The President of the Senate calls for new budget cuts, without tax increases, in the face of growing debt and the cost of the war in the Middle East.
The President of the Senate Gérard Larcher (Les Républicains) estimated on Thursday that it would be necessary to make six billion euros in additional savings to meet the 2026 budget, after the six billion already announced in April. His statement comes as French public debt reached a new record in the first quarter of 2026, at 3,536.1 billion euros according to INSEE.

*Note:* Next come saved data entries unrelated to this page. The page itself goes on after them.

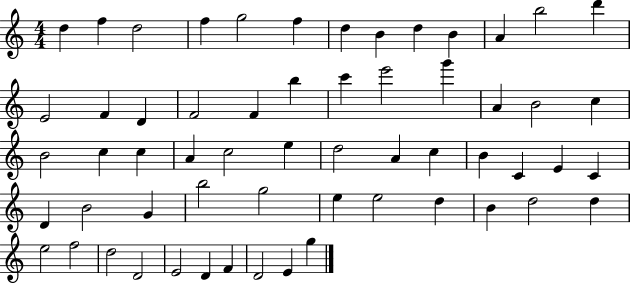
{
  \clef treble
  \numericTimeSignature
  \time 4/4
  \key c \major
  d''4 f''4 d''2 | f''4 g''2 f''4 | d''4 b'4 d''4 b'4 | a'4 b''2 d'''4 | \break e'2 f'4 d'4 | f'2 f'4 b''4 | c'''4 e'''2 g'''4 | a'4 b'2 c''4 | \break b'2 c''4 c''4 | a'4 c''2 e''4 | d''2 a'4 c''4 | b'4 c'4 e'4 c'4 | \break d'4 b'2 g'4 | b''2 g''2 | e''4 e''2 d''4 | b'4 d''2 d''4 | \break e''2 f''2 | d''2 d'2 | e'2 d'4 f'4 | d'2 e'4 g''4 | \break \bar "|."
}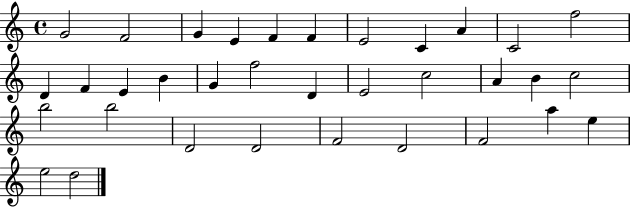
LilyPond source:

{
  \clef treble
  \time 4/4
  \defaultTimeSignature
  \key c \major
  g'2 f'2 | g'4 e'4 f'4 f'4 | e'2 c'4 a'4 | c'2 f''2 | \break d'4 f'4 e'4 b'4 | g'4 f''2 d'4 | e'2 c''2 | a'4 b'4 c''2 | \break b''2 b''2 | d'2 d'2 | f'2 d'2 | f'2 a''4 e''4 | \break e''2 d''2 | \bar "|."
}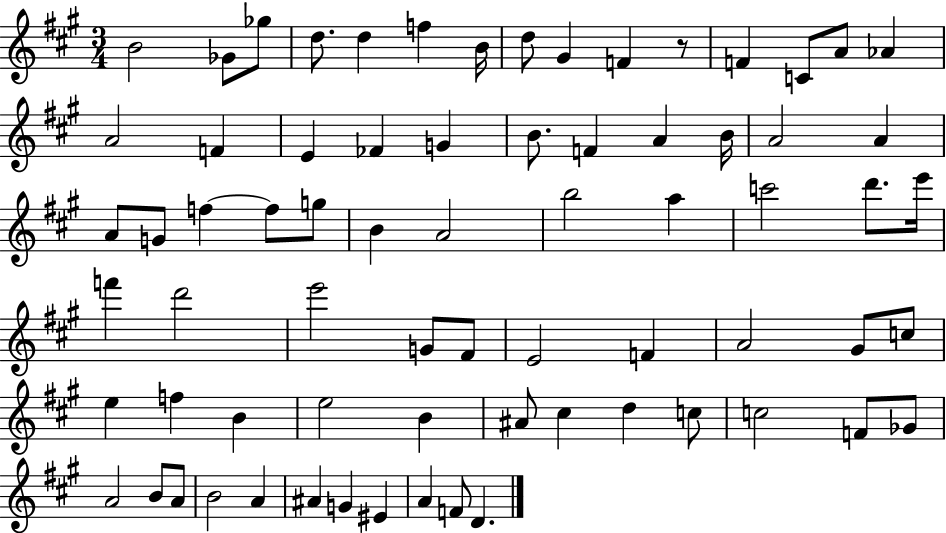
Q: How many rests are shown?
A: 1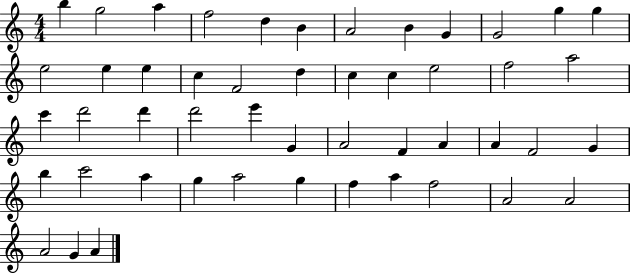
{
  \clef treble
  \numericTimeSignature
  \time 4/4
  \key c \major
  b''4 g''2 a''4 | f''2 d''4 b'4 | a'2 b'4 g'4 | g'2 g''4 g''4 | \break e''2 e''4 e''4 | c''4 f'2 d''4 | c''4 c''4 e''2 | f''2 a''2 | \break c'''4 d'''2 d'''4 | d'''2 e'''4 g'4 | a'2 f'4 a'4 | a'4 f'2 g'4 | \break b''4 c'''2 a''4 | g''4 a''2 g''4 | f''4 a''4 f''2 | a'2 a'2 | \break a'2 g'4 a'4 | \bar "|."
}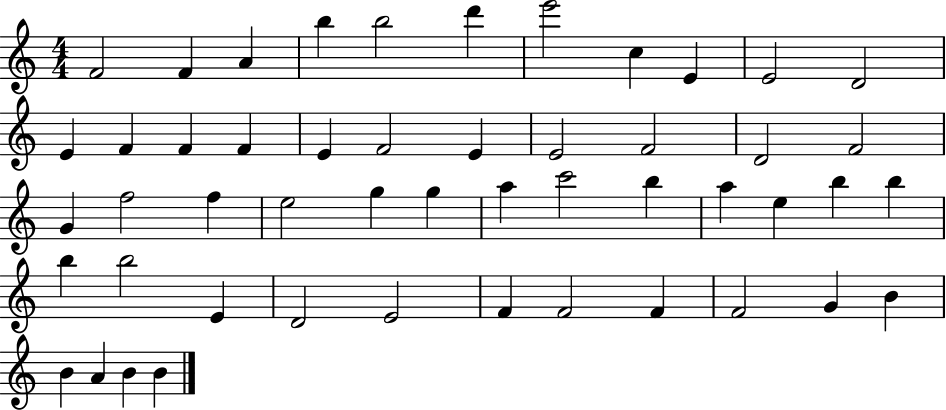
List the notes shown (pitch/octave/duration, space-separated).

F4/h F4/q A4/q B5/q B5/h D6/q E6/h C5/q E4/q E4/h D4/h E4/q F4/q F4/q F4/q E4/q F4/h E4/q E4/h F4/h D4/h F4/h G4/q F5/h F5/q E5/h G5/q G5/q A5/q C6/h B5/q A5/q E5/q B5/q B5/q B5/q B5/h E4/q D4/h E4/h F4/q F4/h F4/q F4/h G4/q B4/q B4/q A4/q B4/q B4/q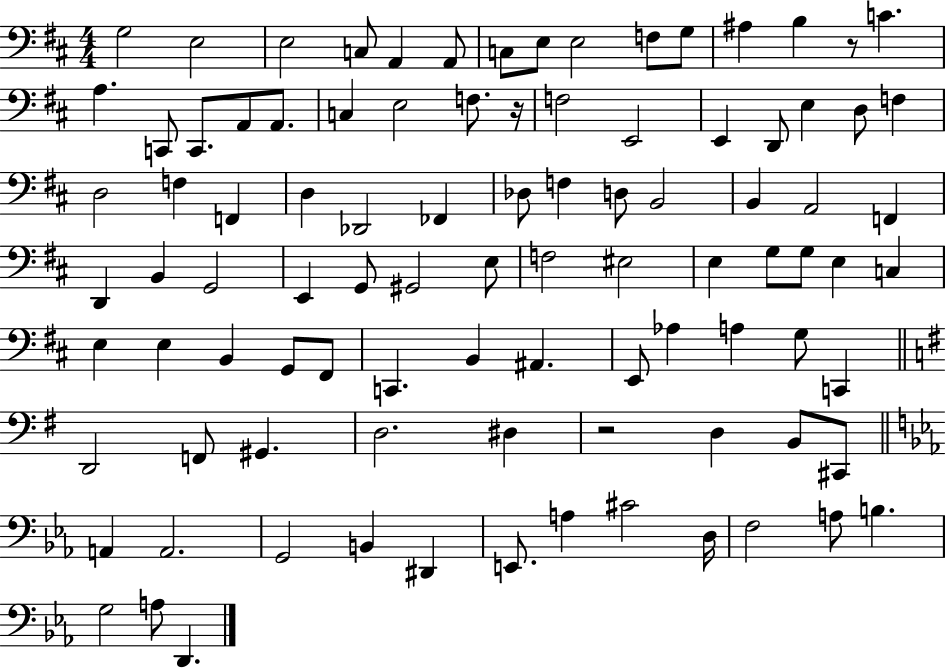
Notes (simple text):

G3/h E3/h E3/h C3/e A2/q A2/e C3/e E3/e E3/h F3/e G3/e A#3/q B3/q R/e C4/q. A3/q. C2/e C2/e. A2/e A2/e. C3/q E3/h F3/e. R/s F3/h E2/h E2/q D2/e E3/q D3/e F3/q D3/h F3/q F2/q D3/q Db2/h FES2/q Db3/e F3/q D3/e B2/h B2/q A2/h F2/q D2/q B2/q G2/h E2/q G2/e G#2/h E3/e F3/h EIS3/h E3/q G3/e G3/e E3/q C3/q E3/q E3/q B2/q G2/e F#2/e C2/q. B2/q A#2/q. E2/e Ab3/q A3/q G3/e C2/q D2/h F2/e G#2/q. D3/h. D#3/q R/h D3/q B2/e C#2/e A2/q A2/h. G2/h B2/q D#2/q E2/e. A3/q C#4/h D3/s F3/h A3/e B3/q. G3/h A3/e D2/q.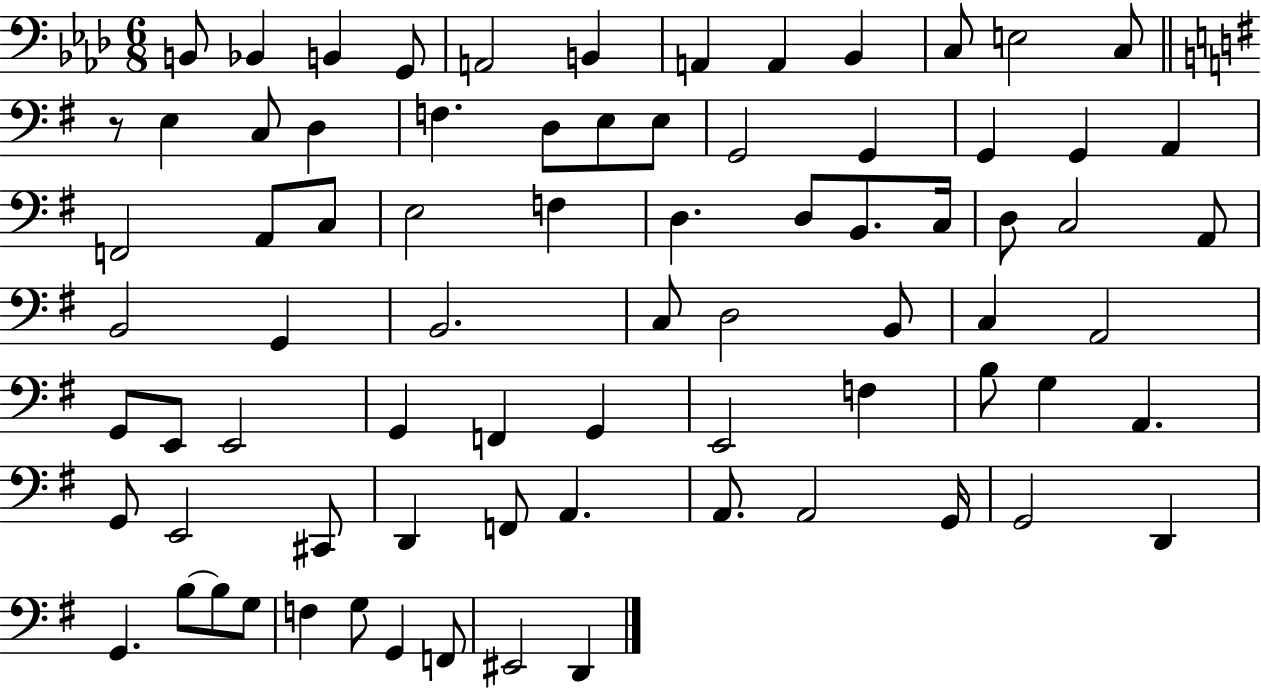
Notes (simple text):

B2/e Bb2/q B2/q G2/e A2/h B2/q A2/q A2/q Bb2/q C3/e E3/h C3/e R/e E3/q C3/e D3/q F3/q. D3/e E3/e E3/e G2/h G2/q G2/q G2/q A2/q F2/h A2/e C3/e E3/h F3/q D3/q. D3/e B2/e. C3/s D3/e C3/h A2/e B2/h G2/q B2/h. C3/e D3/h B2/e C3/q A2/h G2/e E2/e E2/h G2/q F2/q G2/q E2/h F3/q B3/e G3/q A2/q. G2/e E2/h C#2/e D2/q F2/e A2/q. A2/e. A2/h G2/s G2/h D2/q G2/q. B3/e B3/e G3/e F3/q G3/e G2/q F2/e EIS2/h D2/q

Cuts without tax increases
“We are going to have a meeting soon, to take stock” and “in addition to the 6 billion announced, we will probably need 6 billion more,” declared Gérard Larcher on Europe 1 and Cnews. Prime Minister Sébastien Lecornu must soon convene a public finance alert committee to announce new cuts intended to compensate for the cost of the war in the Middle East. The government had already indicated in April, within the framework of a previous committee, that six billion euros in savings on expenditure could be made in 2026, in the form of credit freezes or “targeted cancellations”.
In this situation, Gérard Larcher refused any increase in taxes, France being according to him “gold medal in terms of compulsory levies”. He favors reducing spending over increasing the tax burden. “We will have to ask ourselves the question of organization, we can no longer remain in this situation,” he warned.
The President of the Senate specified that the upper house would make proposals “in principle”: “We must preserve justice, security, defense, these are the three sovereigns”, but question “the social budget”. These guidelines suggest that the cuts could primarily concern social spending, with sovereign missions being preserved.